I have walked far enough to know

where autumn begins

There, behind the river,

the last pomegranates ripen

in an additional summer

and a beauty mark grows

in the seed of the apple

The road and I will sleep like partners

behind the river, beneath our shadows

Then rise at dawn and carry each other

I will ask it: Why so fast?

Slow down, O horse saddled with seasons!

No matter how few our dreams

we will cross the desert and valleys

to reach the end at the beginning

The beginning is behind us

Before us clouds bringing winter’s tidings

I have walked far enough to know

where winter starts:

There, over the hill

A gazelle looks for a fawn under the clouds

A hunter points his rifle

I will howl like a wolf

so the white gazelle can flee the fire

and the hunter is scared

The road and I will sleep

There, next to a cave, over the hill

Then rise at dawn and carry each other

Asking: What next? Where are you taking me?

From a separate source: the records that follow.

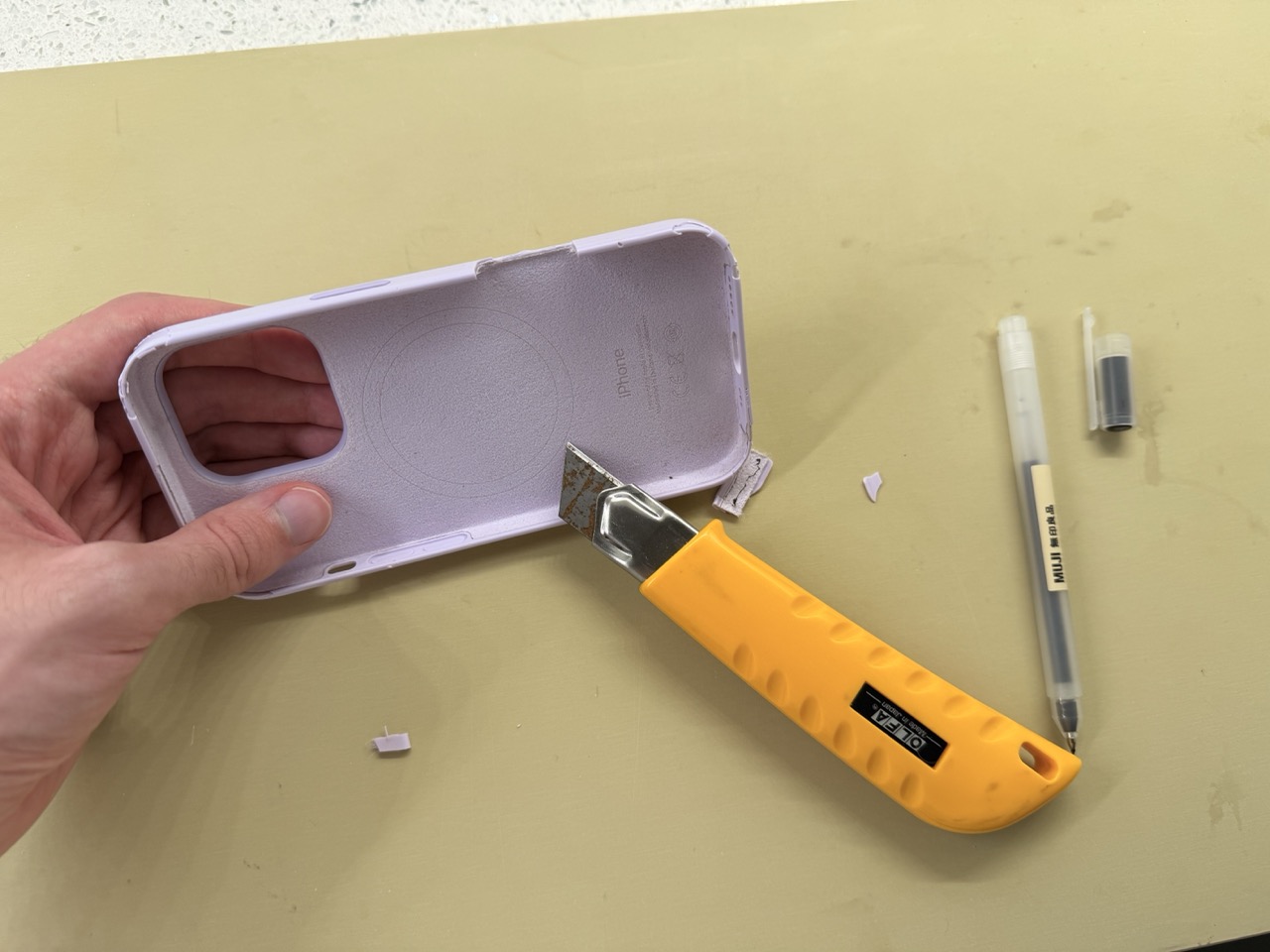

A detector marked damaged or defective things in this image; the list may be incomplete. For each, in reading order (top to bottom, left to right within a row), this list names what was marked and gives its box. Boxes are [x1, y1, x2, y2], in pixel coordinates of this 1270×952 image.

rusty blade [564, 444, 622, 540]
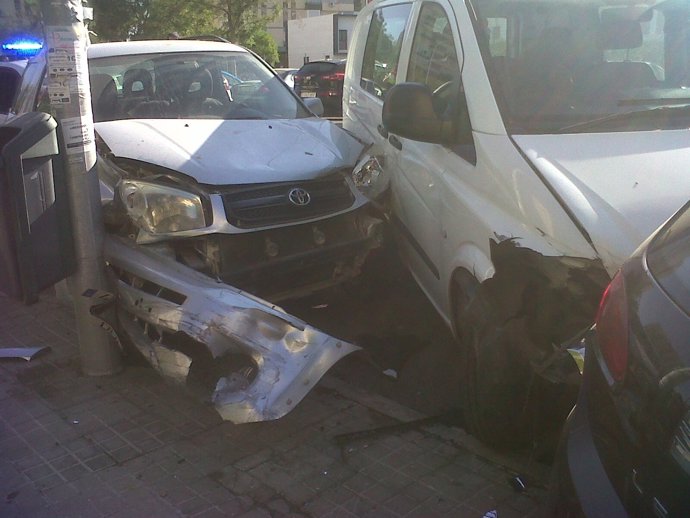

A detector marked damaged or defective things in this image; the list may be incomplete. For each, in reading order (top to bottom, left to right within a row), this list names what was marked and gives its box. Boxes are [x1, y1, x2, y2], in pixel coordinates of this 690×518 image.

broken headlight [118, 180, 206, 235]
crumpled hood [97, 118, 366, 185]
crumpled hood [512, 130, 688, 274]
detached bumper [103, 238, 360, 424]
shattered plastic [103, 238, 360, 424]
crashed front bumper [105, 238, 360, 424]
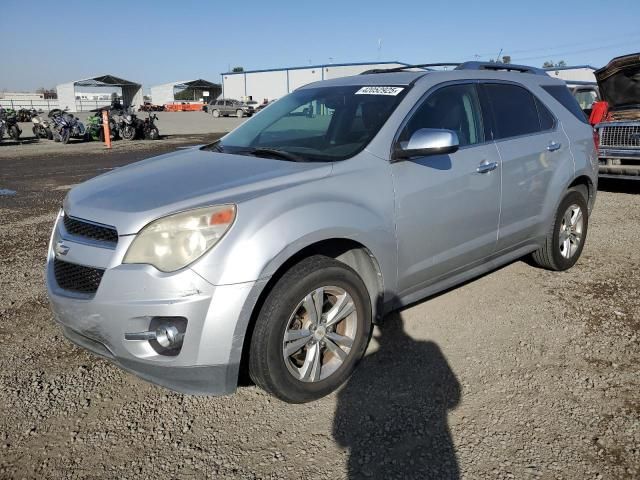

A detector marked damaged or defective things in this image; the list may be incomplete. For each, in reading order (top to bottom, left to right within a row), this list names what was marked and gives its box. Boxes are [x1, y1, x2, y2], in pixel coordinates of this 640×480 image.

damaged vehicle [596, 52, 640, 179]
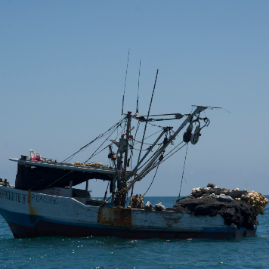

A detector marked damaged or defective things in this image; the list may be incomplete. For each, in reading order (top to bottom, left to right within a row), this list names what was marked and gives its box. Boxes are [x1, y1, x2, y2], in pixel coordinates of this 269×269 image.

rust stain on hull [98, 205, 132, 226]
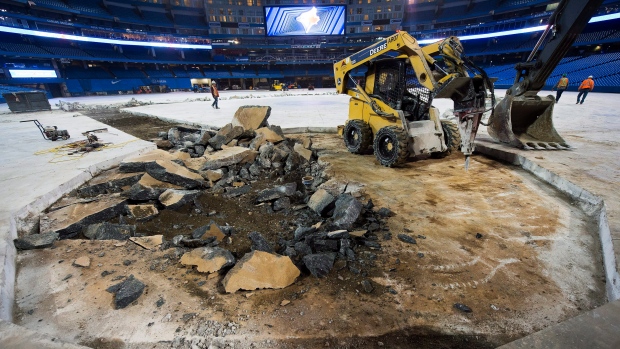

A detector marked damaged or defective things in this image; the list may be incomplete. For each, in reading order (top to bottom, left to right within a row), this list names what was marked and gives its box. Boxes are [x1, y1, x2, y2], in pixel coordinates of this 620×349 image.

broken concrete [231, 104, 270, 130]
broken concrete [40, 194, 127, 238]
broken concrete [77, 169, 142, 198]
broken concrete [126, 204, 159, 220]
broken concrete [124, 173, 183, 200]
broken concrete [145, 160, 203, 189]
broken concrete [160, 189, 201, 208]
broken concrete [256, 181, 296, 203]
broken concrete [306, 188, 334, 215]
broken concrete [13, 231, 58, 250]
broken concrete [83, 223, 136, 239]
broken concrete [182, 246, 237, 274]
broken concrete [223, 250, 300, 290]
broken concrete [302, 253, 336, 278]
broken concrete [107, 274, 146, 308]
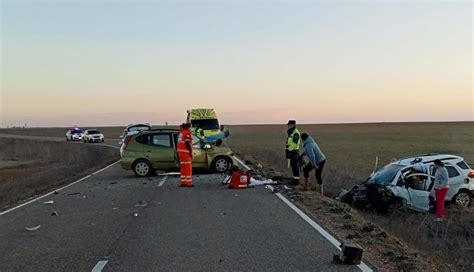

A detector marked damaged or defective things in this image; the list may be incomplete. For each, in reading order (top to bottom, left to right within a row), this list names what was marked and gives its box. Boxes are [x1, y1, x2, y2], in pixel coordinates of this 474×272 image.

shattered windshield [370, 164, 404, 185]
wrecked car in field [340, 153, 474, 212]
white wrecked car [340, 153, 474, 212]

I see the fog, but I don’t see the road

nor does it see me

Have I arrived? 

Or have I been separated from the road?

I asked myself, then said:

Now, from this distance,

a traveler like me

can look back!

 

[Translated from the Arabic by Sinan Antoon. From Darwish’s posthumous collection, La Uridu Li-Hadhi ‘l-Qasidati An Tantahi (I Don’t Want this Poem to End)(Beirut: Riyad El-Rayyes Books, 2009)]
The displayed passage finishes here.